# Supplied information
-*-
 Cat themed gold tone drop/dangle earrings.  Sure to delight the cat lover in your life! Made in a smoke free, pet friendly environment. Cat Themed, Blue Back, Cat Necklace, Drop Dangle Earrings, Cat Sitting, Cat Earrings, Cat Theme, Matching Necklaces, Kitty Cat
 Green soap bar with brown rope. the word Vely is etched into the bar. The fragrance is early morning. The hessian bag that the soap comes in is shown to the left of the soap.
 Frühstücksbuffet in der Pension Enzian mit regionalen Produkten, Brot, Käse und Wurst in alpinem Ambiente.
-*-
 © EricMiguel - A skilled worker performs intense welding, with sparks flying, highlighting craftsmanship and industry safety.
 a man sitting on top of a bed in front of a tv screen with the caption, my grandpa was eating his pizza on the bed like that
-*-
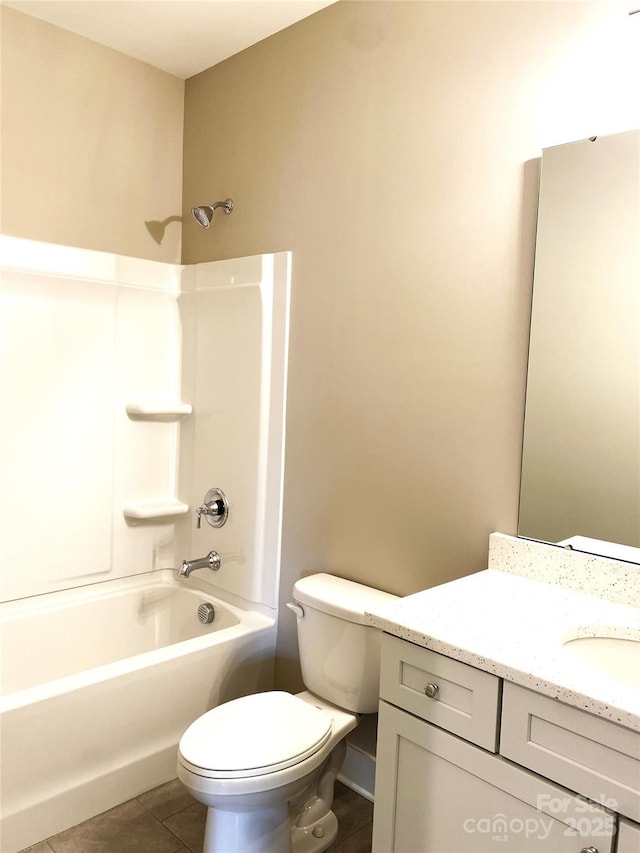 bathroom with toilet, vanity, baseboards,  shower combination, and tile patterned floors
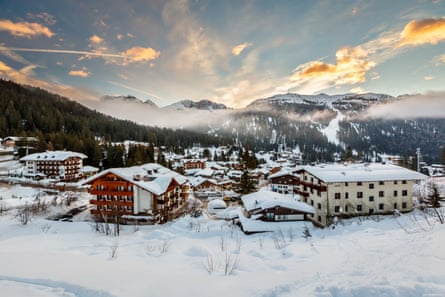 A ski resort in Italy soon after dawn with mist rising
-*-
# Exercise objective
Search the entries above for the string "that", and report each line where it occurs.

# Your solution
 Green soap bar with brown rope. the word Vely is etched into the bar. The fragrance is early morning. The hessian bag that the soap comes in is shown to the left of the soap.
 a man sitting on top of a bed in front of a tv screen with the caption, my grandpa was eating his pizza on the bed like that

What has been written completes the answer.